There is no sight more encouraging than leaders from different countries standing united for the greater good of the world - and that is exactly what we saw last week when China and the US announced their formal joining of the Paris agreement.
The legally binding global climate deal was formed with the sole focus of setting out a global action plan that would put the world on track to tackle climate change and keep a global temperature rise well below two degrees Celsius above pre-industrial levels. With the agreement recruiting the support and alliance of two such highly populated and energy-consuming countries it's an incredibly reassuring step in the right direction.
Despite this being the latest demonstration of joint leadership by the two countries on global climate and environmental issues, the targets set are no mean feat.
China currently sits as the world’s largest carbon emitter, largest coal consumer and largest net importer of oil – its leaders have an incredible challenge on their hands. In fact, two years ago, President Xi Jinping called for “a revolution in the production and consumption of energy” and he was unquestionably right.
In 2011, the RMI published a paper called Reinventing Fire for the U.S. It was a roadmap to kicking the country’s dependence on fossil fuels by 2050. Two years later the RMI partnered with the Energy Research Institute of China’s National Development and Reform Commission (ERI), Lawrence Berkeley National Laboratory (Berkeley Lab), and Energy Foundation China (EF China) to initiate a similar piece of research for China.

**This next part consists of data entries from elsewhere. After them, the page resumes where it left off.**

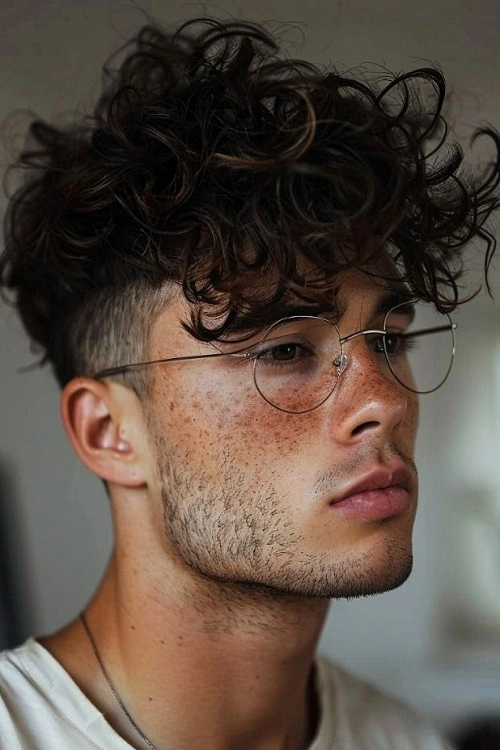 Low Taper Fade Fluffy Wavy Hair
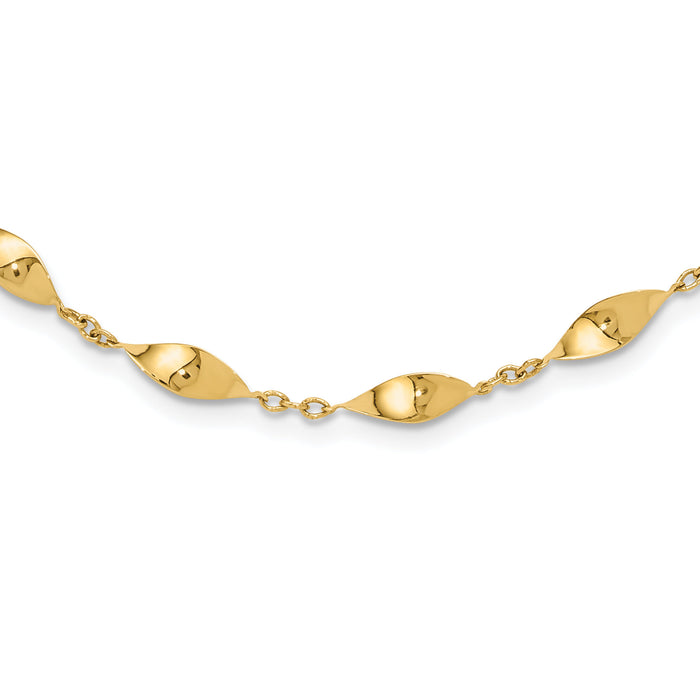 14K Polished Fancy Necklace-SF3032-18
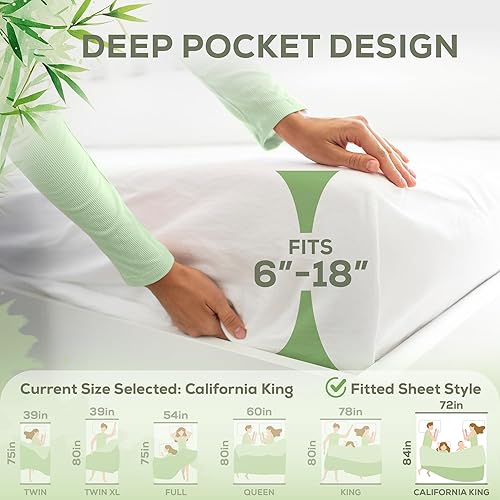 Miniatura 4 de Protector de colchón de lujo California King, protector de colchón 100% impermeable y parte superior de viscosa de bambú 100% Transpirable,
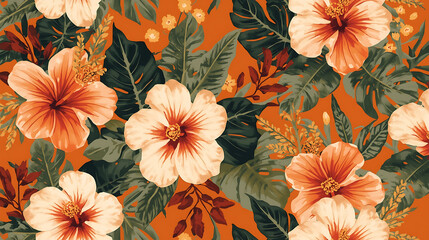 The tropical floral pattern features exotic hibiscus and other flowers in orange, cream, and peach, interwoven with dark green and muted olive leaves against a warm orange background.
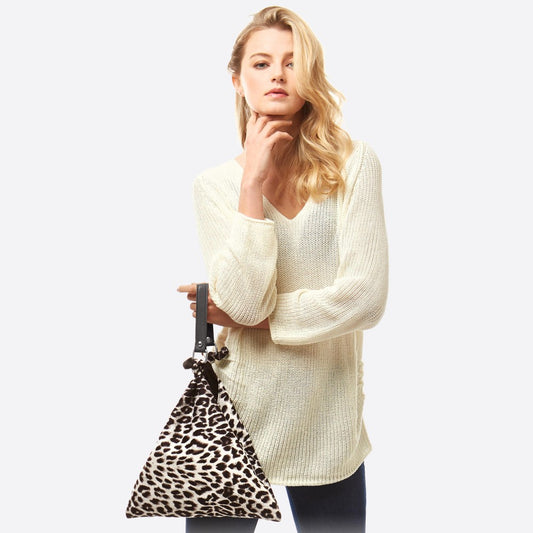 Leopard Print Top Handle Tote Handbag White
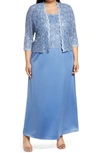 Alex Evenings Alex Evening A-line Gown & Lace Jacket In Antique Blue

The findings were detailed and scientific, supporting China’s goal of revolutionising its approach to sustainability and clean energy. If successful, the report demonstrates how by 2050, China can reduce its carbon emissions by 42 per cent below its 2010 levels and grow its economy 600 per cent, while saving a net $3.1 trillion over the investments required.
By growing its economy several times over, reducing its emissions and transitioning its population from rural to urban living, China will be soaring towards successfully honouring its commitment to the Paris agreement.
You can download the Reinventing Fire: China Executive Summary to read a more in-depth and practical break down of how China can move forward with its mission to tackle climate change head on.
It’s time for change and such readiness for action from the U.S and China couldn’t be more timely. Now however, as President Xi declared previously, we must all move from talk to action. Watch this space.